December 1, 2023 1932 0

Money and Banking Dynamics:

Money is the commonly accepted medium of exchange. In economies with multiple individuals, money facilitates market transactions. Money facilitates exchanges by allowing individuals to sell their produce for money, which is then used to purchase necessary commodities. It serves various functions in a modern economy, including the facilitation of exchanges, market transactions, and facilitating the exchange of goods and services.

Money and Banking form an interdependent relationship. Once the money is in circulation, it is mainly the banking sector that gets involved in the transaction process.

How has the role of Money and Banking transformed from a Medium of Exchange to facilitating Cashless Transactions?

  • Money as a Medium of Exchange: Money and banking are significant aspects of our daily lives.

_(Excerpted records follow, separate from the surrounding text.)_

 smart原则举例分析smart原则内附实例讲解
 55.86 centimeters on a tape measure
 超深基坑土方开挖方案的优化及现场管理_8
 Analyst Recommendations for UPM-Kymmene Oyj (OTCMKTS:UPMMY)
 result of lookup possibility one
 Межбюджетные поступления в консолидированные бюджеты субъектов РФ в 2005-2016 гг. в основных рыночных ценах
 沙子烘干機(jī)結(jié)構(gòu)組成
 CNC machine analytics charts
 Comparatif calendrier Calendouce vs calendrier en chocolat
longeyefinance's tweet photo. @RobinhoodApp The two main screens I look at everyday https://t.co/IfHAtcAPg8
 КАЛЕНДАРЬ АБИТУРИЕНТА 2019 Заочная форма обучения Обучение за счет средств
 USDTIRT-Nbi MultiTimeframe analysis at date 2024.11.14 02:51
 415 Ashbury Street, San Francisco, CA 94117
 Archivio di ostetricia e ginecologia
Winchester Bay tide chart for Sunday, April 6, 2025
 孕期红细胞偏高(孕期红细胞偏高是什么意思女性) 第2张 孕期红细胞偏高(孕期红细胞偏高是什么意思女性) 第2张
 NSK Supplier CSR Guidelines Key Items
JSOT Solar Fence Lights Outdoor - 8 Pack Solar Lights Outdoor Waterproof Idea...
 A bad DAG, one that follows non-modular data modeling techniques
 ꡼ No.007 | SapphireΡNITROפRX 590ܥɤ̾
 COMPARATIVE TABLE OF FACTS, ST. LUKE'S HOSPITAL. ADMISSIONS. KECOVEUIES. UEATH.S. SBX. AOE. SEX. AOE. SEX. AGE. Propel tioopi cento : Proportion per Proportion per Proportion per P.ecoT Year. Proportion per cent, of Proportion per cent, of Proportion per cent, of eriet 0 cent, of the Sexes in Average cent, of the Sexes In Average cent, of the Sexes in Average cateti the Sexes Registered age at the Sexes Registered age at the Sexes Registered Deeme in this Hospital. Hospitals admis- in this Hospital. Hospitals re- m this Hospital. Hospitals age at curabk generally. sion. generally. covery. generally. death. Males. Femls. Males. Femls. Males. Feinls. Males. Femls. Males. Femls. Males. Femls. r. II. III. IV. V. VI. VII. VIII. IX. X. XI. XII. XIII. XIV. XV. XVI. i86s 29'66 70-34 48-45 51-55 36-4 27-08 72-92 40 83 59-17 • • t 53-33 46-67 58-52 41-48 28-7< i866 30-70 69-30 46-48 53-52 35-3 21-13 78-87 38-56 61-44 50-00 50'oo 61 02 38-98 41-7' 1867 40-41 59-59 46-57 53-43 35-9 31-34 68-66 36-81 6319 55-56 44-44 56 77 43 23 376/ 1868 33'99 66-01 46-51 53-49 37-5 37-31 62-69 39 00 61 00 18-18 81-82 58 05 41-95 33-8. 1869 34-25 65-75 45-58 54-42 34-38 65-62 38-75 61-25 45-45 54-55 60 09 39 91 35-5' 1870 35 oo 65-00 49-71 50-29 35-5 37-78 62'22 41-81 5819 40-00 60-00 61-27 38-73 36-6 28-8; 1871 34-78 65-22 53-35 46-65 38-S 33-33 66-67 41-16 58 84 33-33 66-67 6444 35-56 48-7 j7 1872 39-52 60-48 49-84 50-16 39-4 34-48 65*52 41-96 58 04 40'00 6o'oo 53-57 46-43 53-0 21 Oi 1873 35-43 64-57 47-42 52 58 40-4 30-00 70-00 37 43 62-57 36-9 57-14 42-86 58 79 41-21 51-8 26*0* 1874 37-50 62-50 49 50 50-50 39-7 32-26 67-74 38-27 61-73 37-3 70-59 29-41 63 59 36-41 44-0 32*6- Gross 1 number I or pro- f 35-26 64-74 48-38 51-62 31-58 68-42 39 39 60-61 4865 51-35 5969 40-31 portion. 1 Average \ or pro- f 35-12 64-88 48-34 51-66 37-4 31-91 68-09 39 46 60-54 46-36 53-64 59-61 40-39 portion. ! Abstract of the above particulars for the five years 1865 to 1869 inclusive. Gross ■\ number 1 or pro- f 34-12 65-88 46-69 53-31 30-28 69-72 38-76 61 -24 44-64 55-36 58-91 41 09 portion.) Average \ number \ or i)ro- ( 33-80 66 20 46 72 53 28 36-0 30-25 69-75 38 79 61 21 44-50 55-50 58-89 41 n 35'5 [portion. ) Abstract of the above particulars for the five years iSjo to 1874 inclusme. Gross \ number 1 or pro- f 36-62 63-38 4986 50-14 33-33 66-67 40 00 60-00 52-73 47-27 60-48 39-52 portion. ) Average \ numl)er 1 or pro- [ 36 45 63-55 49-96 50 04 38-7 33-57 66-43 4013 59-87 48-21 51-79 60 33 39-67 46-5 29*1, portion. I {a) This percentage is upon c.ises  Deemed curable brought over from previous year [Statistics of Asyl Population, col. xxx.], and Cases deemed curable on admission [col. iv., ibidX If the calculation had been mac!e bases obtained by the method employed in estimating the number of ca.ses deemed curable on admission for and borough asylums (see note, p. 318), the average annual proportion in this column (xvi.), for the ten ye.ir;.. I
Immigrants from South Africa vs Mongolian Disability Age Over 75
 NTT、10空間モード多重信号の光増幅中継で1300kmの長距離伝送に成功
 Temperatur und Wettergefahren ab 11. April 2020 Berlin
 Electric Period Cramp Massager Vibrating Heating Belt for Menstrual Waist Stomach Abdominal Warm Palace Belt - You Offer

Money is used in various transactions, such as buying and selling goods and exchanging services, and hence acts as an effective medium of exchange.
    • Example: In a market system, if a shoe manufacturer needs to exchange his shoes in order to buy wheat, a process known as double coincidence of wants has to work. 
      • This requires both parties to agree to sell and buy each other’s commodities. 
      • This happens in a barter system where goods are directly exchanged without the use of money, but transactions in terms of money make it all easier.
    • An Intermediate Step: Money serves as an intermediate step in an economy, Thus eliminating the need for a double coincidence of wants. 
  • Convenient Unit of Account: Money acts as a convenient unit of account.
  • Example: A certain wristwatch is worth Rs 500, It  means that the wristwatch is exchangeable for 500 units of money, with the rupee serving as the unit of currency in this instance. 
  • Determining Relative Costs and Prices: Money helps in calculating the relative cost of an item
    • Example: If the price of a pencil is Rs. 2, and the price of a pen is Rs 10, then a pen is worth 10÷2 = 5 pencils. 
  •  Determining Value and Comparing Relative Worth: This also helps in calculating the worth of money in relation to other commodities. 
    • Example: A rupee is equivalent to 1÷ 2 = 0.5 pencils or 1÷10 = 0.1 pens in the example above.
  • Universal Acceptability: A barter system has limitations, such as difficulty in carrying wealth forward due to perishable items and storage costs
    • Money, on the other hand, is not perishable and has lower storage costs and universal acceptability. 
  • Store of Value: It can act as a store of value for individuals, but its value must be stable to function effectively. 
    • Other assets like gold, landed property, houses, or bonds can also act as stores of value but may not be easily convertible or universally acceptable. 
  • Dynamic in Nature: When commodity prices increase in terms of money, the purchasing power of money decreases, allowing a unit of money to purchase less of any commodity.
  • Cashless Nature: Some countries are moving towards a cashless society, where financial transactions are made through digital information. 
    • Example: the Indian government has been investing in reforms like Jan Dhan accounts, Aadhar-enabled payment systems, e-wallets, and National Financial Switch to promote financial inclusion.

Ever wondered why transactions are made in money?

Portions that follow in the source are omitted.